On January 5, 2026, for the first time in 25 years, the entire state of California was declared drought free. The source of this welcome news was the federally funded U.S. Drought Monitor (USDM), a collaborative effort involving experts from academia along with the USDA and the National Oceanic and Atmospheric Administration (NOAA). Once per week, USDM produces a national map that shows where drought is occurring, and for most of the last few decades, large swaths of California have been tinted alarming shades of red to denote conditions ranging from “exceptional drought” to “severe drought.”
The fact that the US Drought Monitor has declared California to be totally drought free carries with it unusually high credibility, as demonstrated by a new study by researchers at the California Policy Center. The study, commissioned by Mesa Water District (serving Newport Beach and Costa Mesa), took the USDM’s historical assessment of drought frequency and severity in California during the last half of the 20th century, and compared that to their reports issued over the past 25 years. It found that USDM claimed areas within the state were experiencing some level of drought 61 percent of the time over the past 25 years, compared to only 30 percent of the time in the decades prior to 2000.
But was California twice as dry this century compared to the last century? To answer this question, CPC researchers examined reports from weather stations throughout the state, developing averages by year for rainfall, snowpack, temperature, relative humidity, dew point, and vapor pressure deficit. This source data indicated California has not been experiencing a greater frequency or severity of droughts in this century. In fact, the findings for the 21st century were nearly identical to the 20th century. Rainfall, temperature, and humidity were all virtually unchanged between this century and the last century.

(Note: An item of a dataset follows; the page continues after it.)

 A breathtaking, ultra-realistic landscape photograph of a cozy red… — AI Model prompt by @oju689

The study concluded that USDM drought categorizations are statistically inconsistent with long-term climate patterns and not reproducible, because independently sourced climate data showed minimal long-term drying. Moreover, the USDM only measures “dryness,” not water availability. Researchers recommended the USDM should make their methods more transparent so independent analysis can reproduce their results.
These findings raise serious concerns about the USDM’s accuracy and its outsized role in shaping California’s water policy. While drought preparedness remains essential, an overreliance on the mislabeled and apparently inflated USDM categorizations has led to unnecessary water restrictions and missed opportunities to invest in long-term water resilience.

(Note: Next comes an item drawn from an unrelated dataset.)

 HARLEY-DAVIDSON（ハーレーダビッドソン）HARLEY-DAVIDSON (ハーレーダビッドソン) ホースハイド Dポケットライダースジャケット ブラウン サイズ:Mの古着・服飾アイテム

And yet even the US Drought Monitor now reports that California is completely drought free. It’s about time. Including our current season, the state has had above average rainfall for four consecutive years. Will the state’s powerful Water Resources Control Board take into account this abundance and increase farm allocations? Will the state legislature reconsider their “Making Conservation a Way of Life” laws that will limit indoor water use to 40 gallons per person per day?
Along with the narrative that we are experiencing unprecedented droughts, now revealed as a myth, is the narrative that somehow Californians waste water and “water wasters” have to be controlled. But total water diversions in California have not increased in over forty years. Urban consumption has remained flat at between 7 and 8 million acre feet since the 1980s, even though the state’s population has increased from 25 million to nearly 40 million since then. Water diversions for irrigation have also remained stable at between 30-35 million acre feet per year for the last 40 years, even though the value of farm production has roughly doubled.

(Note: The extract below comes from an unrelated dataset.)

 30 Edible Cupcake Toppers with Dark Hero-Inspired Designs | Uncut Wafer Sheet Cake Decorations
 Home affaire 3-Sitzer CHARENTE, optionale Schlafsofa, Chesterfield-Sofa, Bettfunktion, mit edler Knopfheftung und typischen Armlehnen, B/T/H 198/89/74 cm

These facts prove that Californians have already become very good at conserving water. Further restrictions on water use in the state are costly. Implementing the latest regulations on urban water use will cost billions, while eliminating incentives for water agencies to invest in additional water supply infrastructure – desalination, wastewater recycling, runoff harvesting – assets that will be necessary if prolonged droughts ever do challenge supplies. Continuing to cut farm water allocations is on track to fallow a million acres or more of irrigated farmland in the state, causing a devastating loss of jobs and economic productivity.
When even the US Drought Monitor, an organization that is demonstrably biased in favor of declaring droughts, says we are no longer in a drought in California, we should believe them. California’s legislators and water agencies should restore historical water allocations to farmers. They should increase pumping to the aqueducts during winter storms to allow farmers and water agencies in the San Joaquin Valley to recharge depleted aquifers, without those allocations coming at the expense of their contracted allocations for farm irrigation. And they should repeal legislation that enforces urban water rationing, at great cost, and instead create incentives for water agencies to invest in projects that will increase and diversify our supplies of fresh water.
There is no reason Californians cannot have abundant water. With better management of the water infrastructure we’ve already got, and smart investments in new water supply infrastructure, even if droughts eventually do challenge our supplies, we will have more than enough.
Edward Ring is the director of water and energy policy at the California Policy Center.